Or, how 3 well designed components behave stupidly together.
I host a medium-sized Nextcloud installation that is quite actively used.
Recently, I was notified by my users that performance is extremely bad. Upon investigation, it was clear something bad was going on. Data transfer was multiplied by 40 compared to the previous period.
This increase in data transfer usage resulted in exhausting the allowed transfer per month after only 10 days. With the provider this server is hosted with, going over the allowed datatransfer does not result in extra charges. Instead, they throttle the bandwidth to 10Mbps.
The VPS also runs some less-bandwidth intensive services other than Nextcloud. For isolation and accounting purposes, a separate PHP-fpm pool is used for running Nextcloud.
To avoid it eating all RAM, the pool is limited to a maximum of 6 children. This means at most 6 requests can be handled in parallel. Under normal circumstances this limited amount of parallellism is not a problem. The maximum is hit occasionally, and in that case the new request has to wait until a previous request has finished.
When a file is being downloaded, this uses a PHP-fpm process for the full duration it takes to download the file. Because uploading a file is normally not limited by the networkspeed (the response is sent to cloudflare, not the end-user directly), this does not pose a problem and processes are freed up quickly again.
However, when bandwidth becomes the limiting factor, uploading the file becomes slower. This means the PHP-fpm processes will spend a longer time to serve a single request, quickly exhausting the available pool.
Here you can see that the active PHP-fpm processes almost never fall below the maximum anymore after the bandwidth cap is applied.
Key behavior: On all files served from the repository, cache control headers are set.
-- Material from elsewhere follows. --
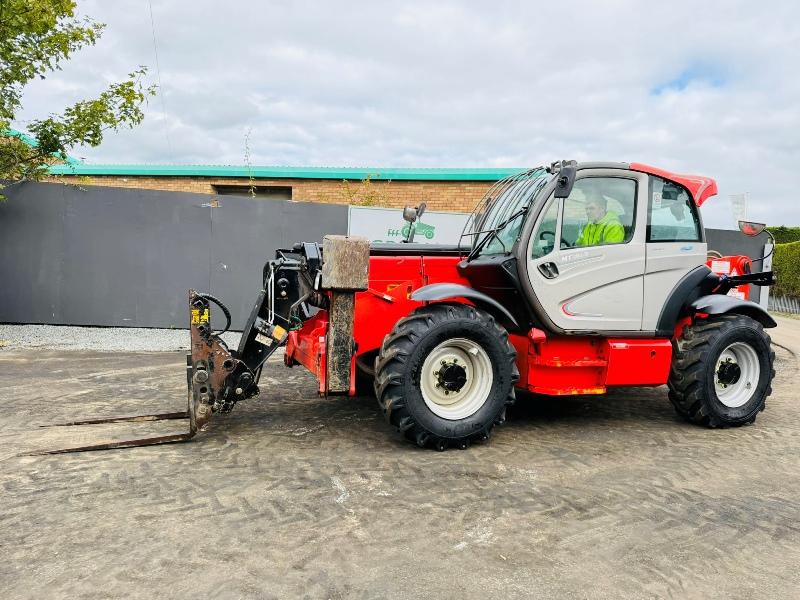 MANITOU MT1440 4WD SWAY & TILT TELEHANDLER*YEAR 2019*VIDEO*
Cache-Control: no-store, no-cache, must-revalidate Pragma: no-cache
PDF.js is embedded in Nextcloud and used to display PDF documents from the filesystem.
Key behavior: Uses HTTP Byte-Range requests when the remote server supports them to fetch only the parts of the file that it needs.
Cloudflare is put in front of the Nextcloud instance, acting as a barrier to block bad bots and to cache static files to reduce data usage and increase speed.
The cache settings of Cloudflare are set to its defaults, which means static files are cached and HTML is not cached.
Key behavior: Tries to serve Byte-Range requests from cache. If the file is not in the Cloudflare cache, it is requested in full to cache it. Cloudflare also respects Cache-Control headers.
The result: 20-30 times more data transfered than necessary
What happens when a user opens a PDF file?
- PDF.js sends a byte-range request for the metadata of the PDF.
- Cloudflare sends a request for the full PDF file. The request looks like a static file, so they probably want to cache it.
- Nextcloud sends a no-cache header and sends back the full PDF.
- Cloudflare receives the PDF, but can’t cache it. It responds to PDF.js with the partial content it requested and then discards the file.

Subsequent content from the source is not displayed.